Japanese culture is unforgiving towards vagrancy and especially theft, even if you’re stealing to survive. Waling around Tokyo you might occasionally see where the homeless have spent the night on the streets, but the evidence is generally cleared away by morning. It’s not in-keeping with a sense of personal honour to ask for or receive help on the streets, or to pity those who find themselves in that situation. As a doctor says to Gin at one point without mirth, “I can try to cure disease. Lifestyle is something you have to fix”. This would make a great double bill with Hirokazu Koreeda’s Shoplifters, both films matching tone, theme and spirit so well, not to mention both being none-too-critical of contemporary Japanese attitudes to certain less privileged sectors of society.
Unlike the majority of classic anime character designs, Satoshi Kon isn’t afraid of making the people who inhabit his animated universes ugly. You’ve probably heard of “ugly crying”, Kon’s characters are into “ugly being” but are all the more expressive and compelling for all their flaws.

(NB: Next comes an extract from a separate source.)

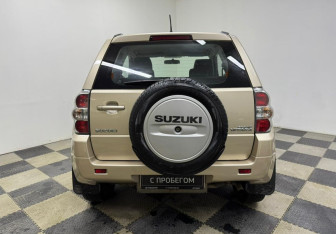 Подержанный автомобиль Suzuki Grand Vitara 2006 года (6 фото)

Tokyo Godfathers is a Christmas movie, a dysfunctional family comedy-drama and a most unconventional love story. Not many comedy-dramas end with a great action scene, even fewer relationship films follow, as two of three protagonists, a gay transvestite in love with his apparently straight divorcee friend, no physical attraction between them but plenty of affection and a shared desire to parent a teenager and a baby between them.
The film is very pro-foster families and unconventional family dynamics. Hana’s most impassioned outburst has her heartbreakingly declare, “Nothing should make you abandon a child! That means you’ve taken love and tossed it away, like trash”.
It goes a bit It’s a Wonderful Life at points with magical Christmas imagery, strange happenings and just a little schmaltz, but it’s also grounded and rooted in the real streets of Tokyo. When an angel appears to Gin and says, “What is it you desire, my magic, or an ambulance?” Gin takes the ambulance without hesitation, offending the angel, in actuality a drag queen from the same bar that Hana made her name.
The sudden plot diversion to a gangster’s wedding that happens early on admittedly doesn’t go anywhere, but otherwise Tokyo Godfathers is near-perfect in execution of a compelling animated story. Not a hair is unintentionally out of place, and speaking of hair, when we see Hana contemplating her existence on a bridge as a gust of wind catches a strand of her hair, it is one of the most beautiful hand-drawn animated moments ever put to screen, despite, and emphasised by, the relative roughness of the animation elsewhere. This is a simply magical ode to familial love, and not just at Christmas, whatever shape that family takes.